DATASET RECORDS:
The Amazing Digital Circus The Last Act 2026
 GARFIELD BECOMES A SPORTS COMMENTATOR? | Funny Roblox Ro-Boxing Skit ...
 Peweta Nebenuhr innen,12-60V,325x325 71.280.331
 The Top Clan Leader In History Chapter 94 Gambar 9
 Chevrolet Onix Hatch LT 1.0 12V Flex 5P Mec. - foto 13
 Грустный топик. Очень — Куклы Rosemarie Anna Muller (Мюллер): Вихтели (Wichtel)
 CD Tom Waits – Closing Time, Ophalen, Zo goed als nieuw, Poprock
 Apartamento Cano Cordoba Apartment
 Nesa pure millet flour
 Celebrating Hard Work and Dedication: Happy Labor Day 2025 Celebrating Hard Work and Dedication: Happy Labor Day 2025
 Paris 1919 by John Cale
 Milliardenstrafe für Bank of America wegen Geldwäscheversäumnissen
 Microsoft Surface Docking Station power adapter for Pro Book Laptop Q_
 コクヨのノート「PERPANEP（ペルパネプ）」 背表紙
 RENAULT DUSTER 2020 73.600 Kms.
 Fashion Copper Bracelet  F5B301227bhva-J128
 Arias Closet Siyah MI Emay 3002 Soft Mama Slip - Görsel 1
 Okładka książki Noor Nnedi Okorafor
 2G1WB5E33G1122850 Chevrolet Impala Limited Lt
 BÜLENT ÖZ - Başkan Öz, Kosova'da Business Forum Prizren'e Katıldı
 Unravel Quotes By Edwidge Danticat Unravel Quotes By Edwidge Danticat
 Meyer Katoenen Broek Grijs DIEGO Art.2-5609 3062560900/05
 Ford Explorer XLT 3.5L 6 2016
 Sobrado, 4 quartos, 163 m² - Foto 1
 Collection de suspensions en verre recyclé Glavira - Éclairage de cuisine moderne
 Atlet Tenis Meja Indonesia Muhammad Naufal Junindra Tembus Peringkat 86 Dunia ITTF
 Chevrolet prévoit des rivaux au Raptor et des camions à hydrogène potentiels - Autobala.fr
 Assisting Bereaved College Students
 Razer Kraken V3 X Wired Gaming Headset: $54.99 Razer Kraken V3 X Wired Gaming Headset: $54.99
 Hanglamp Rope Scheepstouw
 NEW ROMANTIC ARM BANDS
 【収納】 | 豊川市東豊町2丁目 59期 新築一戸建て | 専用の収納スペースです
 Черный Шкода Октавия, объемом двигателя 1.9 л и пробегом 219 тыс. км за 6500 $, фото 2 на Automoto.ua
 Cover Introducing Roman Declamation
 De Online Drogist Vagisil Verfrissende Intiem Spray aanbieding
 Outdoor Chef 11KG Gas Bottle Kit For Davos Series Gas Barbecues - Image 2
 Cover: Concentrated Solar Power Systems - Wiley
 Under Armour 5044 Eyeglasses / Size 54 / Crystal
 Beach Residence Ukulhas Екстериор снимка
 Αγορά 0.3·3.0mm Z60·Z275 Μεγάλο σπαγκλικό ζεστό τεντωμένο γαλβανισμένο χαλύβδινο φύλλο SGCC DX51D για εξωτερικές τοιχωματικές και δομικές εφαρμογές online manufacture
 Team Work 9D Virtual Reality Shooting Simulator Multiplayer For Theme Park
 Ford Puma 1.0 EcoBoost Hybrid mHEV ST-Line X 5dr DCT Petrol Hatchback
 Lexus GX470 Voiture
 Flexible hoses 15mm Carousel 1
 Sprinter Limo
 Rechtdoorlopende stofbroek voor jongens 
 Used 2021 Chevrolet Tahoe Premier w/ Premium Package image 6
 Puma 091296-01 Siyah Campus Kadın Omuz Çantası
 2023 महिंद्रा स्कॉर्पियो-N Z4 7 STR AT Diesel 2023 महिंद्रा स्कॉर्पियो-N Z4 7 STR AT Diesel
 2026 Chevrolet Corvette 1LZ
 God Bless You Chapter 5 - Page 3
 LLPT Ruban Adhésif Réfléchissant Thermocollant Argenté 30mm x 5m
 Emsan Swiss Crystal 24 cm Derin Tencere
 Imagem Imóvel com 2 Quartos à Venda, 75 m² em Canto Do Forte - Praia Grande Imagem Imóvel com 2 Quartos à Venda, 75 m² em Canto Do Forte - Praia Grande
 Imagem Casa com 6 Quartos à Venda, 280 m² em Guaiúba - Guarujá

TASK TO COMPLETE: What lines of the data contain the string "Puma"? List them.

YOUR RESPONSE:
 Ford Puma 1.0 EcoBoost Hybrid mHEV ST-Line X 5dr DCT Petrol Hatchback
 Puma 091296-01 Siyah Campus Kadın Omuz Çantası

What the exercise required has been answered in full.